▸ Aim of the exercise
Repeat the records in full. No pictures belong in the copy.

******************************

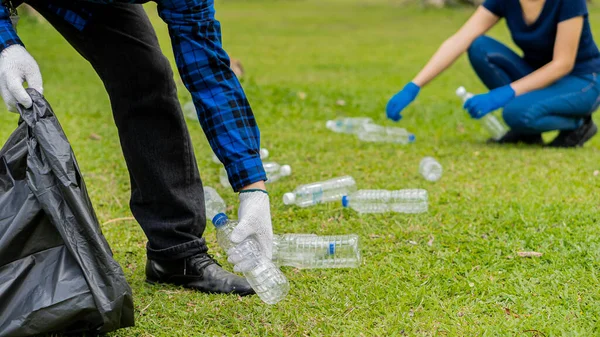 Parktaki çimlerde plastik şişeler toplayın. Ormanı temizleyin. Çevreye yardım edin.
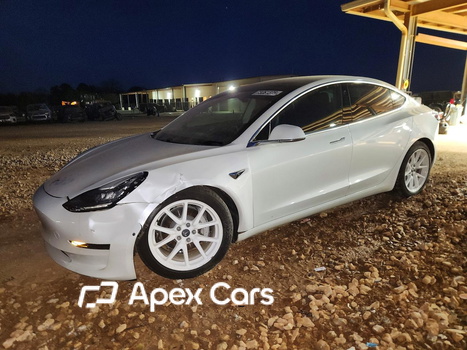 Tesla Model 3 2020 - Image 1 of 12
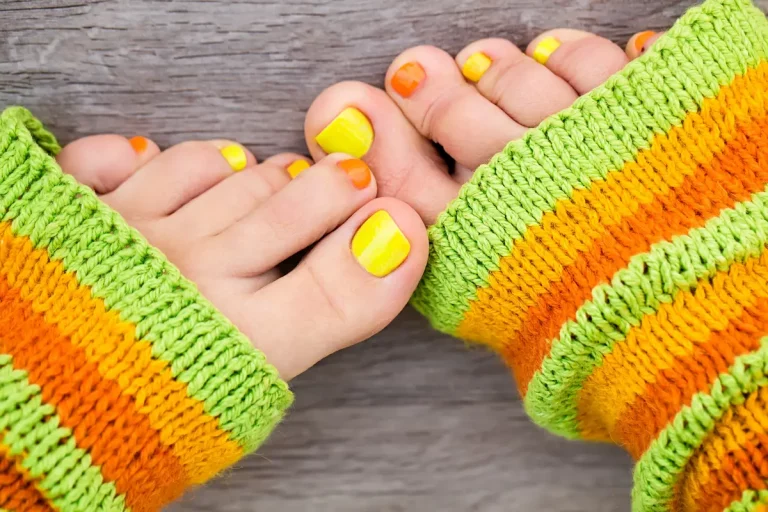 pieds ongles jaunes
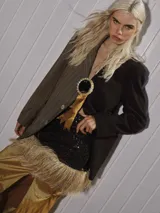 Falda mini de lentejuelas forrada con detalles en rafia.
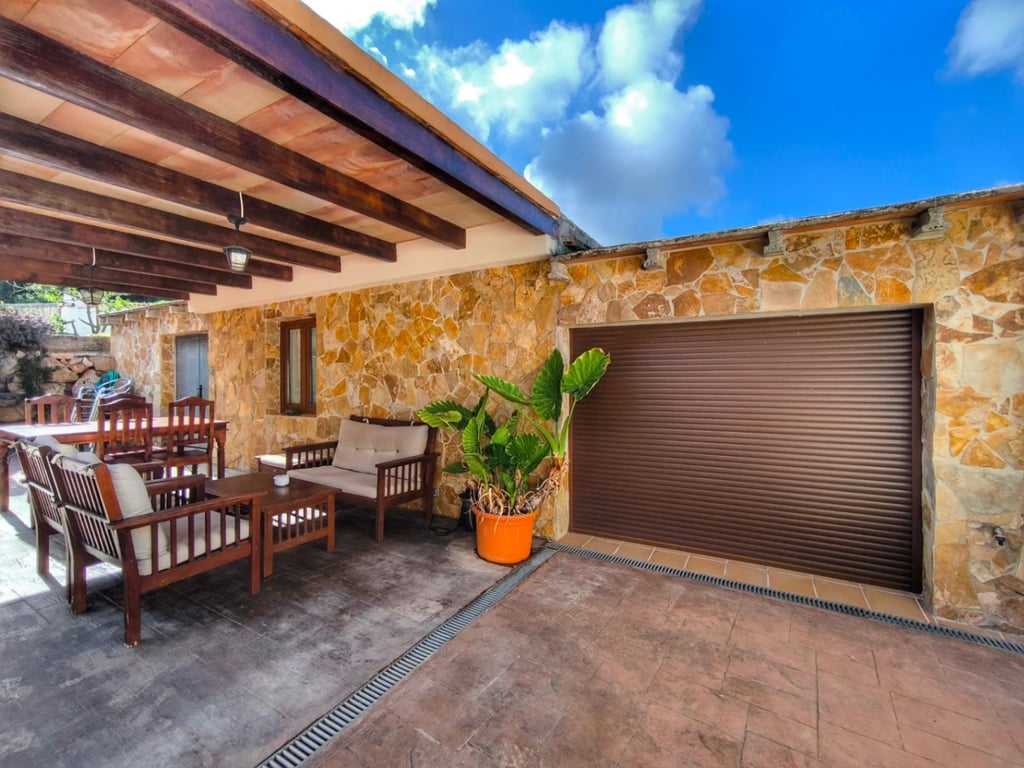 Chalet con dos apartamentos de invitados en el Montgó - 23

******************************

▸ Solution
 Parktaki çimlerde plastik şişeler toplayın. Ormanı temizleyin. Çevreye yardım edin.
 Tesla Model 3 2020 - Image 1 of 12
 pieds ongles jaunes
 Falda mini de lentejuelas forrada con detalles en rafia.
 Chalet con dos apartamentos de invitados en el Montgó - 23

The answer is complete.